Na inundação, árvores também foram salva-vidas inesperados. As pessoas se abrigaram nos seus galhos enquanto as águas subiam acima dos telhados, para esperar por um resgate que muitas vezes nunca chegou.
Depois de nadar desesperadas em rios recém-formados onde antes ficavam casas e plantações, pessoas me disseram que a sobrevivência não foi consequência de coragem ou bondade, mas do acaso cruel de um galho ao qual foi possível se segurar.
O lago de águas paradas perto de Lamego foi testemunha de muitas mães que ralhavam com seus filhos por matarem aula para nadar no rio. As mães que, ao final, se afogaram, enquanto seus filhos e filhas, que a prática tornou excelentes nadadores, conseguiram se salvar. Eram, entretanto, pequenos demais para salvar os pais.
No mar de lama no qual se transformaram algumas áreas rurais, vejo gente cavando para tirar do solo coisas essenciais invisíveis aos meus olhos: fotos de família, uma camiseta, o espelho favorito de alguém.
Caminhando para o centro de saúde de Nhampoca, sou parada por dois idosos: “Será que a doutora pode ver algo conosco?”
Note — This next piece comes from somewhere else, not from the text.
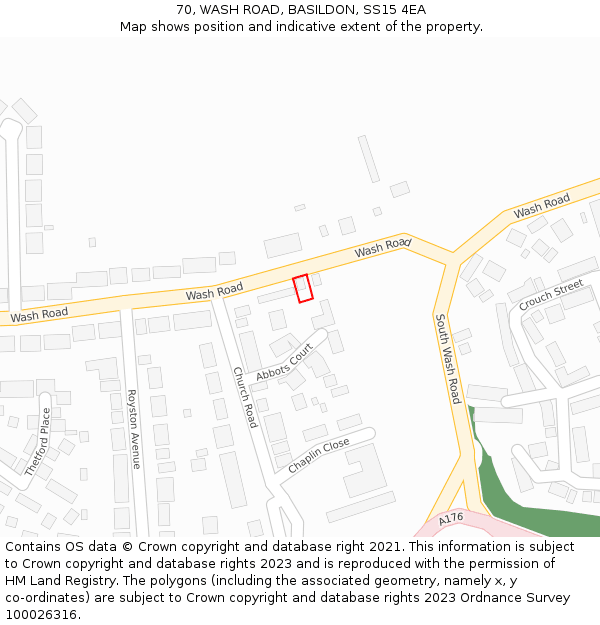 70, WASH ROAD, BASILDON, SS15 4EA: Location map and indicative extent of plot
Tiro meus instrumentos médicos da mochila, mas quando chego ao leito do rio surpreendo-me com a seriedade de um grupo de homens dispostos em círculo. Abro caminho gentilmente entre eles e vejo na lama detalhes que me esclarecem a história: um vestido de mulher que já foi colorido, agora marrom e pálido, suas mãos flácidas descoloridas pela água do pântano.
“Cheguei tarde demais, chegamos tarde demais. Sinto muito. Não posso ajudar”, digo, num desabafo.
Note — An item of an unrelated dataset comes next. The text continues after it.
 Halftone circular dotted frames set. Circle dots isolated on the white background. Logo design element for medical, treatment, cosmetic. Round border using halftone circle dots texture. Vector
Eles assentem em silêncio. Só queriam que ela tivesse a dignidade de ser vista. Digo a eles que vou contar isso para outras pessoas, mesmo que eu não saiba o que quero dizer com isso. Vou contar.
As cheias levaram os pertences das pessoas – mosquiteiros e roupas – tornando-as ainda mais vulneráveis a mosquitos que agora procriam livremente nas poças de água.
Uma menina, que parece muito mais velha que seus 9 anos, senta ao meu lado com os dois irmãos mais novos. Todos têm malária, então pergunto pela mãe deles, para explicar o tratamento e prevenção. O promotor de saúde me diz com delicadeza que eles não têm mais mãe. “Há outros na mesma situação”, explica.
Enquanto as águas estão baixando, as árvores continuam contando histórias. “Foi lá que eu me agarrei por quatro dias”, diz um idoso em Nhampoca. “Esta árvore salvou minha família”.
Para Chipendo, um enfermeiro de um centro de saúde, a salvação não veio de um resgate de helicóptero, mas da coragem de pescadores que usaram o tronco de uma árvore como canoa e o resgataram, arriscando as próprias vidas na correnteza. Ele passou dois dias sem comida, segurando-se em um galho.
Quando brotos começam a reaparecer nas plantações em Nhampoca, penso em todas as histórias de coragem, força, resiliência e generosidade que ouvi dos que sobreviveram ao ciclone. Mas também da memória daqueles que se foram lutando por suas vidas.
Neste momento frágil e vulnerável de recuperação, enquanto os moçambicanos remendam vidas, famílias e lares, eu ando por uma estrada de terra voltando do centro de saúde e dou uma última olhada na água parada da enchente. Grandes plantas aquáticas começam a crescer. E, pela primeira vez na água barrenta, eu vejo flores.